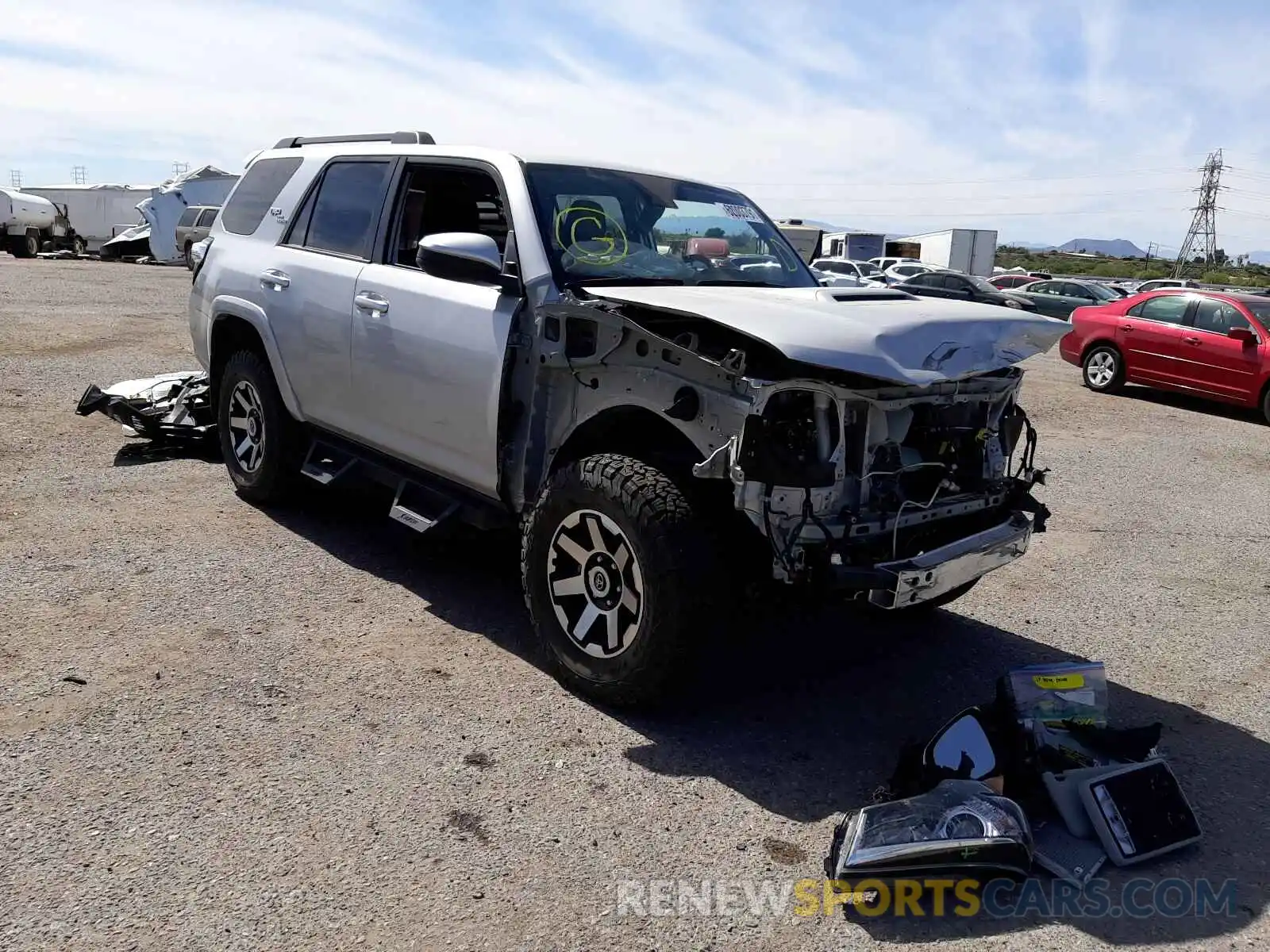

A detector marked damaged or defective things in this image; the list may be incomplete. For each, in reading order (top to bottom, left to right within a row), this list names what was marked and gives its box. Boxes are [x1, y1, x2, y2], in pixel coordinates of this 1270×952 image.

damaged silver suv [189, 129, 1060, 708]
crumpled hood [587, 284, 1073, 386]
crushed front end [698, 368, 1048, 606]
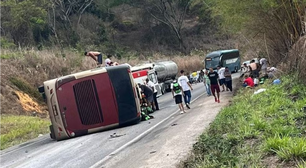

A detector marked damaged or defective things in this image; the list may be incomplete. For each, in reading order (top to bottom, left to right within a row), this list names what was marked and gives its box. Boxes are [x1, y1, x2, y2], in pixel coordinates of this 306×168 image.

overturned bus [38, 64, 141, 140]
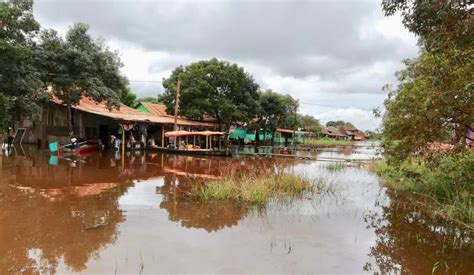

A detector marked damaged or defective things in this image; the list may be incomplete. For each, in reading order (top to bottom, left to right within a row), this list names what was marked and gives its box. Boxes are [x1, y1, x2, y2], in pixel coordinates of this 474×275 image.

damaged shelter [14, 97, 215, 149]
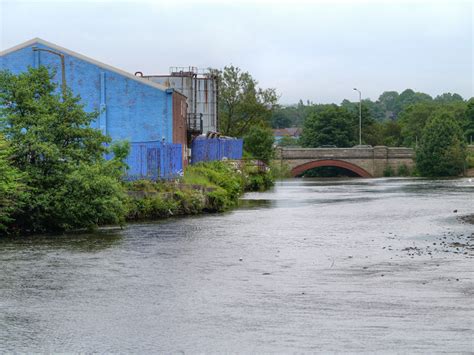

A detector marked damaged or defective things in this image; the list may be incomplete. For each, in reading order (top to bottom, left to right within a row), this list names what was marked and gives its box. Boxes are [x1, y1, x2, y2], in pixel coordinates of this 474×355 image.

rusty metal structure [137, 67, 218, 137]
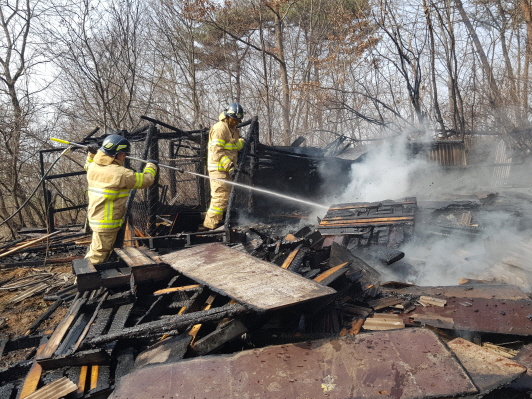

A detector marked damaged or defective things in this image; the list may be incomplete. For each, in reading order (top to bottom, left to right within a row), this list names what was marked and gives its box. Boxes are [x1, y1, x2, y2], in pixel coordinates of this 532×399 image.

rusted metal panel [162, 244, 336, 312]
rusty metal roof [162, 242, 336, 314]
charred debris [2, 122, 532, 396]
rusted metal panel [406, 298, 532, 336]
rusted metal panel [110, 328, 476, 399]
rusty metal roof [110, 330, 476, 398]
rusted metal panel [446, 338, 524, 396]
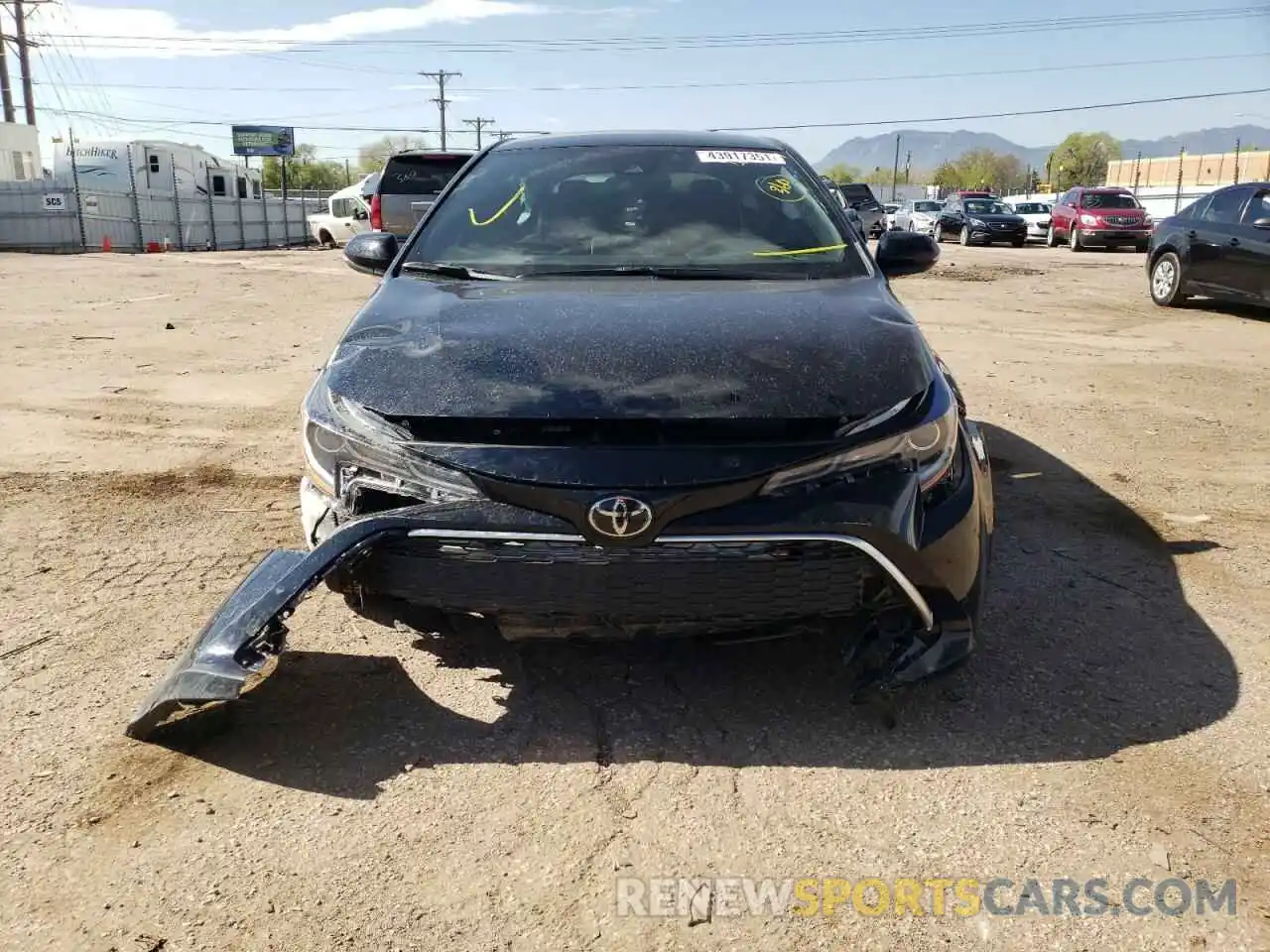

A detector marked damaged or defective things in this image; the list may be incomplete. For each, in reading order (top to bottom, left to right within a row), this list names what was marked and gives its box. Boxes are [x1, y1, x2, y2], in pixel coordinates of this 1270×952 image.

cracked hood [319, 274, 933, 418]
broken headlight [302, 375, 480, 502]
damaged black toyota corolla [131, 130, 1000, 742]
broken headlight [758, 385, 956, 494]
detached front bumper [126, 426, 992, 746]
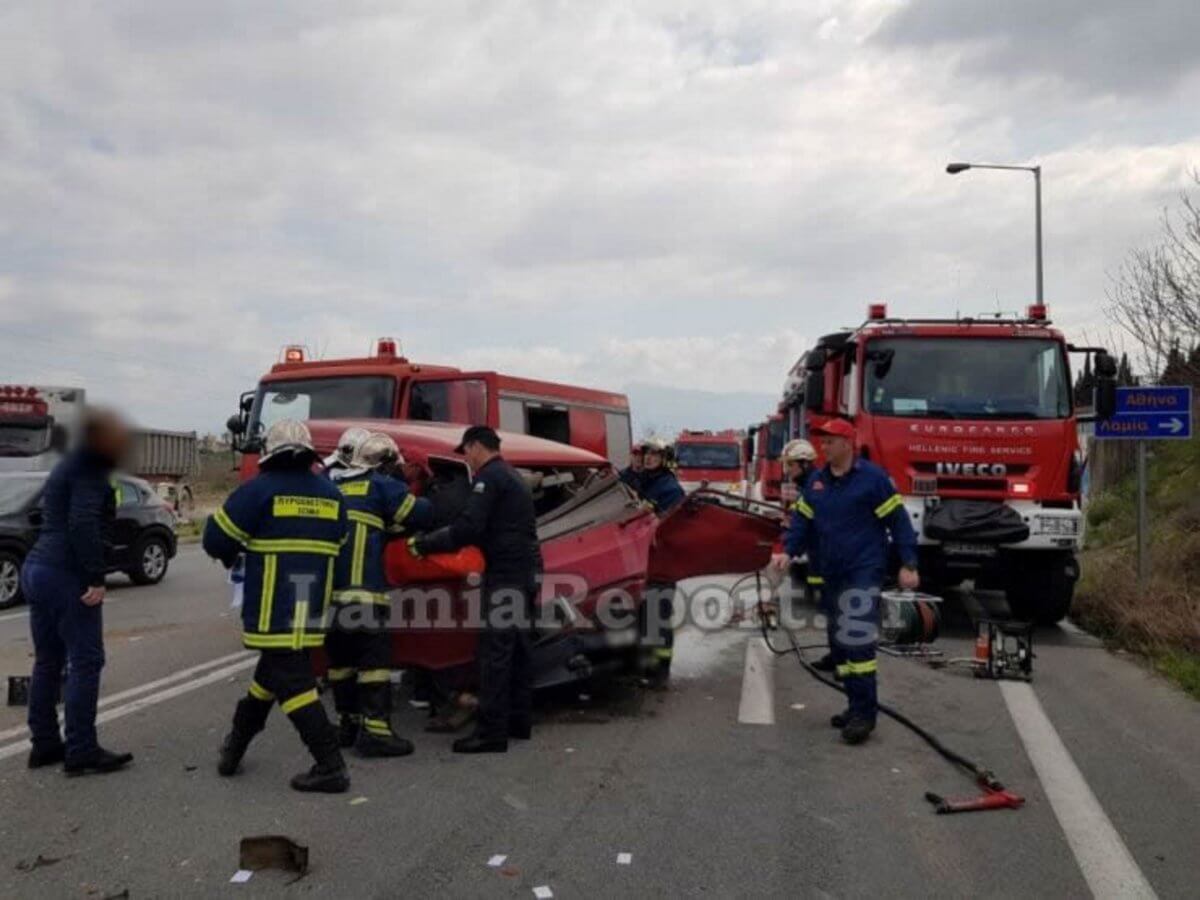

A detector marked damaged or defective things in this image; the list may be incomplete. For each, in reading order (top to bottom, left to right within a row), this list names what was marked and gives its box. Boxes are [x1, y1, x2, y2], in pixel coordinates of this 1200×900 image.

shattered car body [304, 420, 782, 686]
wrecked red car [304, 422, 782, 691]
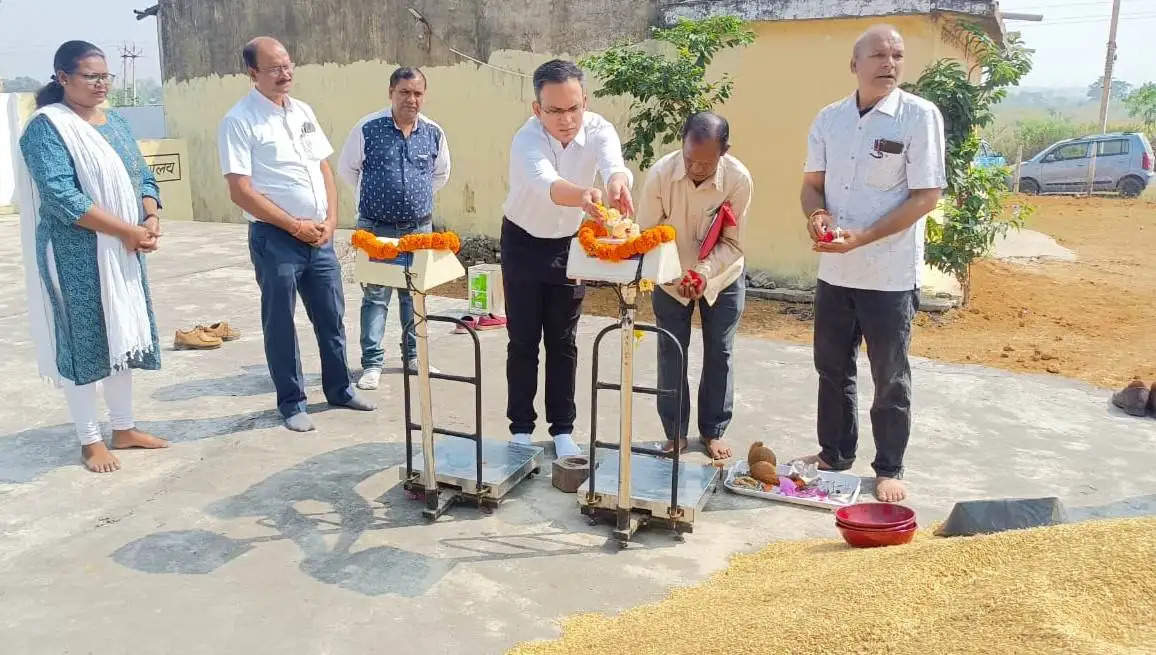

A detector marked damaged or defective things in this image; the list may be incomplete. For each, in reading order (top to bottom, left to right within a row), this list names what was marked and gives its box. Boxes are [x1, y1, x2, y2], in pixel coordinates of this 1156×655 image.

cracked concrete slab [0, 218, 1151, 651]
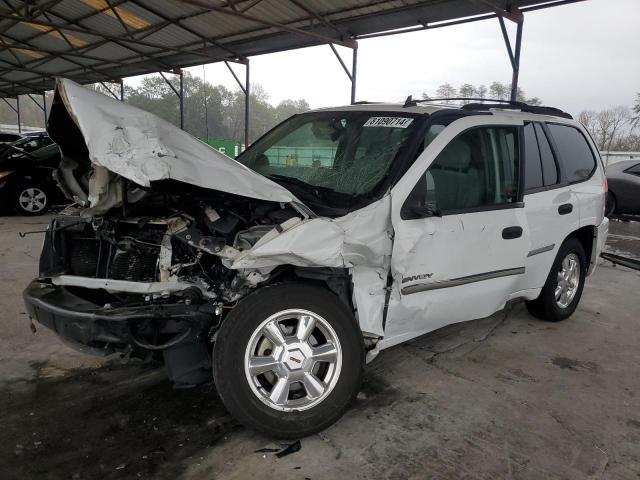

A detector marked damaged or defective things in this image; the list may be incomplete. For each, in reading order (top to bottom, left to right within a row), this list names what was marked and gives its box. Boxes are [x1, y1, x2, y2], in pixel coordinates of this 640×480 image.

crumpled hood [52, 79, 296, 203]
cracked windshield [238, 111, 418, 211]
severe front damage [23, 79, 396, 386]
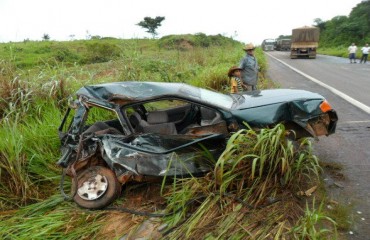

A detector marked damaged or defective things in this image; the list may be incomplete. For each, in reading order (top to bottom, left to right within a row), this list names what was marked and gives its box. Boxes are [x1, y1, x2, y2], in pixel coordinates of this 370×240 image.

severely wrecked car [57, 81, 338, 208]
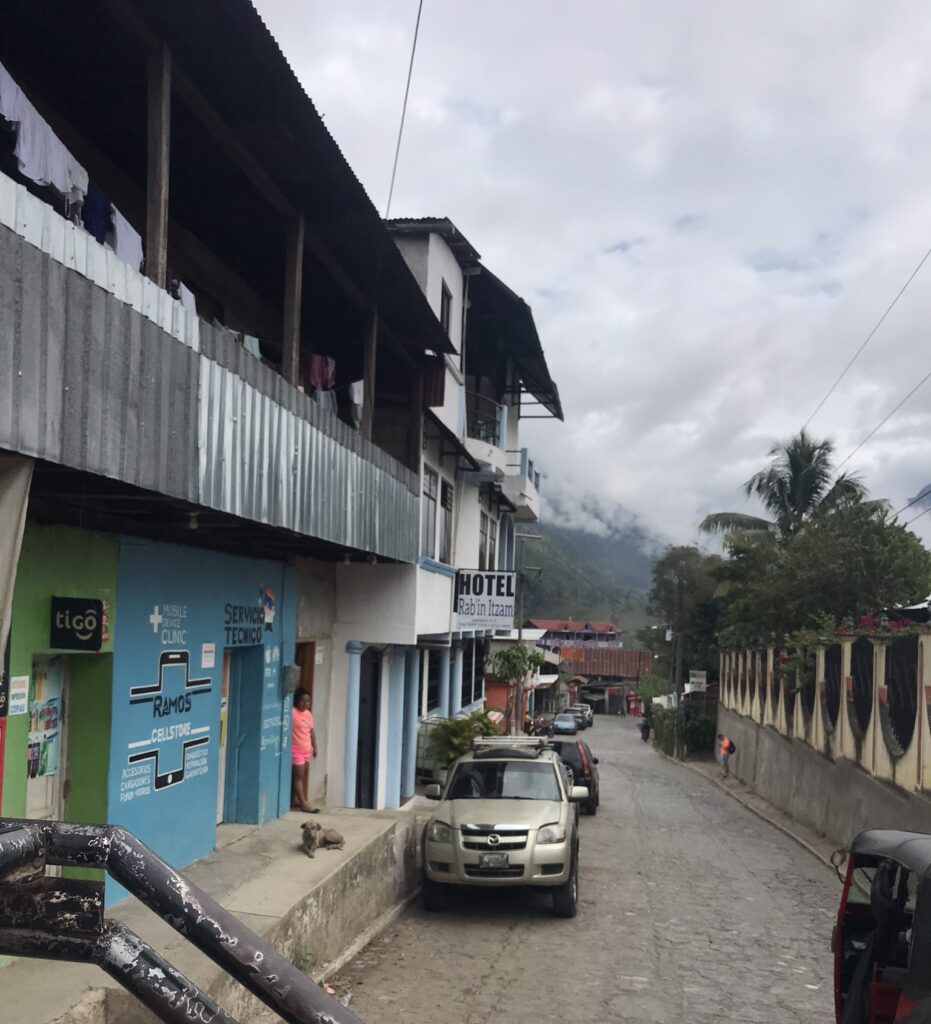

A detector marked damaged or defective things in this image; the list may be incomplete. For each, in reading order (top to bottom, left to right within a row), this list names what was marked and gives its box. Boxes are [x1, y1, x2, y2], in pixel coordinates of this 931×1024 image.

rusty metal railing [0, 820, 364, 1024]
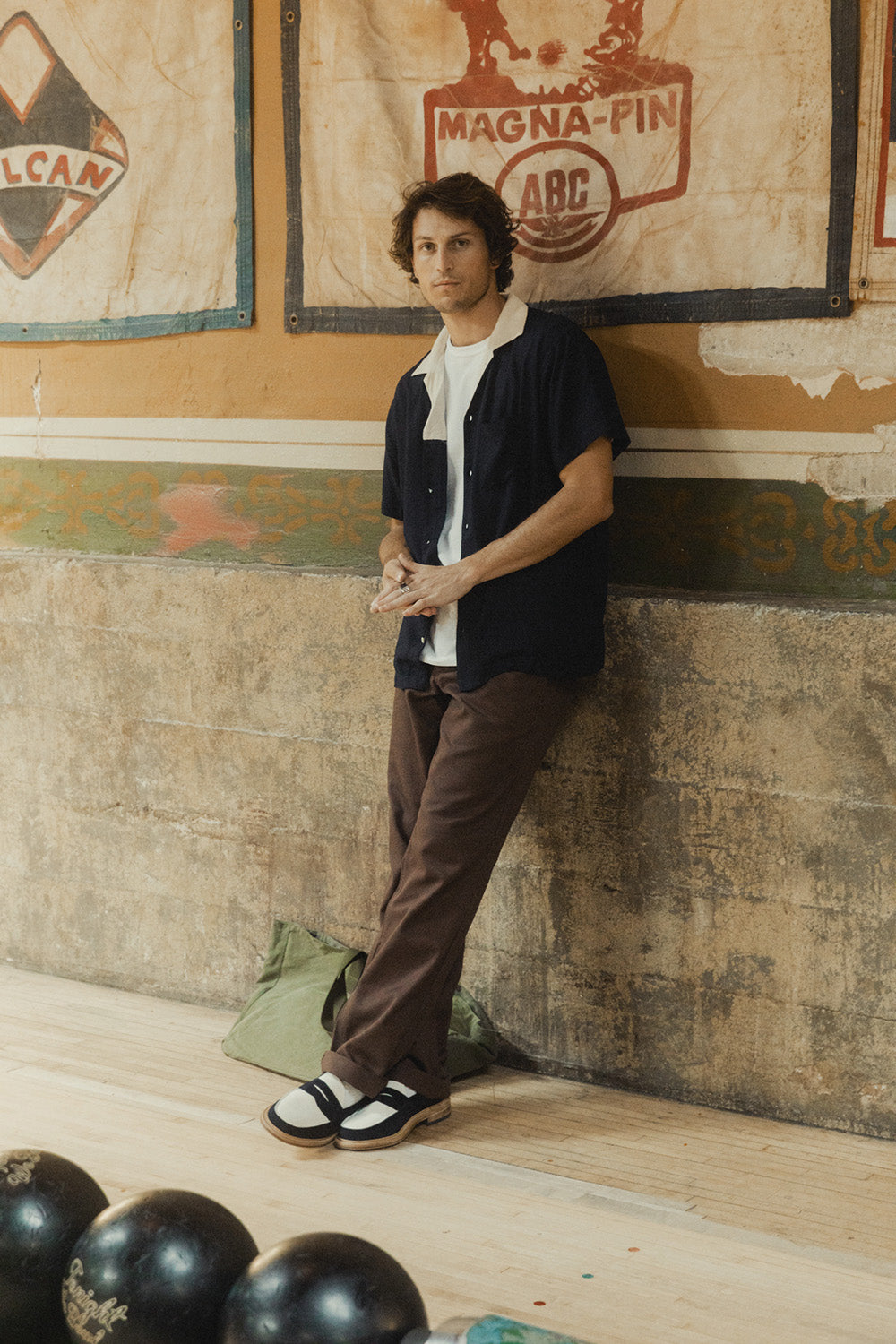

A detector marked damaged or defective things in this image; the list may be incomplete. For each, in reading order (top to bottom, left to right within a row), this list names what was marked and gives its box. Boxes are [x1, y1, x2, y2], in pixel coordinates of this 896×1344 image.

****************

| TASK REQUIREMENTS |
All entries should be reproduced exactly; no picture belongs in the result.

| RESPONSE TO THIS TASK |
A detector marked damaged or defective things in this image; the list may be incomplete. For each, in reading order (top to bottom, left to right within a row), this list names what was marked and gives its box. Boxes are [x1, y1, x2, y2], in pixel coordinates of this 1270×952 image.

damaged silver suv [189, 129, 1060, 708]
crumpled hood [587, 284, 1073, 386]
crushed front end [698, 368, 1048, 606]

A detector marked damaged or defective things in this image; the list may be incomplete. For each, in reading order (top to bottom, left to right within a row), this list names what was marked and gives its box. Boxes are [x1, y1, x2, y2], in pixel coordinates of this 306×168 image.

overturned bus [38, 64, 141, 140]

A detector marked damaged or defective things in this image; the list may be incomplete. For each, in reading order (top to bottom, left to right within a row), this list names what was marked and gives its box. Boxes are [x1, y1, x2, y2], in pixel coordinates of this 474×275 image.

damaged shelter [14, 97, 215, 149]

A detector marked damaged or defective things in this image; the list may be incomplete. For each, in reading order (top to bottom, left to right within a row), this list names what was marked and gives its box. Boxes are [x1, y1, x2, y2], in pixel coordinates of this 474×355 image.

rusty metal structure [137, 67, 218, 137]

A detector marked damaged or defective things in this image; the list may be incomplete. For each, in reading order (top to bottom, left to right within a row), this list names what was marked and gives its box. Boxes are [x1, y1, x2, y2], in pixel coordinates of this 532×399 image.

rusted metal panel [162, 244, 336, 312]
rusty metal roof [162, 242, 336, 314]
charred debris [2, 122, 532, 396]
rusted metal panel [406, 298, 532, 336]
rusted metal panel [110, 328, 476, 399]
rusty metal roof [110, 330, 476, 398]
rusted metal panel [446, 338, 524, 396]

A detector marked damaged or defective things in this image; the list may be incomplete. For each, in reading order (top to bottom, left to right within a row), this list names what was marked and gives its box. Boxes are [x1, y1, x2, y2], in pixel coordinates of this 1270×952 image.

cracked hood [319, 274, 933, 418]
broken headlight [302, 375, 480, 502]
damaged black toyota corolla [131, 130, 1000, 742]
broken headlight [758, 385, 956, 494]
detached front bumper [126, 426, 992, 746]

A detector marked damaged or defective things in this image; the list may be incomplete. For each, in reading order (top to bottom, left to right within a row), this list names what was marked and gives its box. Boxes are [x1, y1, x2, y2], in pixel coordinates of this 1200×900 image.

shattered car body [304, 420, 782, 686]
wrecked red car [304, 422, 782, 691]

A detector marked damaged or defective things in this image; the list may be incomplete. For each, in reading order (top to bottom, left to right within a row), this list names what was marked and gives its box. Boxes are [x1, y1, x2, y2], in pixel coordinates of this 1156×655 image.

cracked concrete slab [0, 218, 1151, 651]

A detector marked damaged or defective things in this image; the list may be incomplete. For each, in reading order (top to bottom, left to right within a row), this list names what was marked and gives its box. Boxes are [x1, y1, x2, y2], in pixel coordinates of this 640×480 image.

crumpled hood [52, 79, 296, 203]
cracked windshield [238, 111, 418, 211]
severe front damage [23, 79, 396, 386]

A detector marked damaged or defective things in this image; the list may be incomplete. For each, in reading order (top to bottom, left to right within a row), this list names what was marked and gives its box. Boxes are [x1, y1, x2, y2], in pixel coordinates of this 370×240 image.

severely wrecked car [57, 81, 338, 208]

A detector marked damaged or defective things in this image; the list may be incomplete. For each, in reading order (top to bottom, left to right within a row), this list names what was marked and gives its box. Boxes are [x1, y1, x2, y2], in pixel coordinates of this 931×1024 image.

rusty metal railing [0, 820, 364, 1024]

A detector marked damaged or defective things in this image; the list may be incomplete. For each, in reading order (top to bottom, left to right within a row), this list names what was marked and gives its box. Boxes are [x1, y1, x2, y2], in pixel coordinates of this 896×1344 image.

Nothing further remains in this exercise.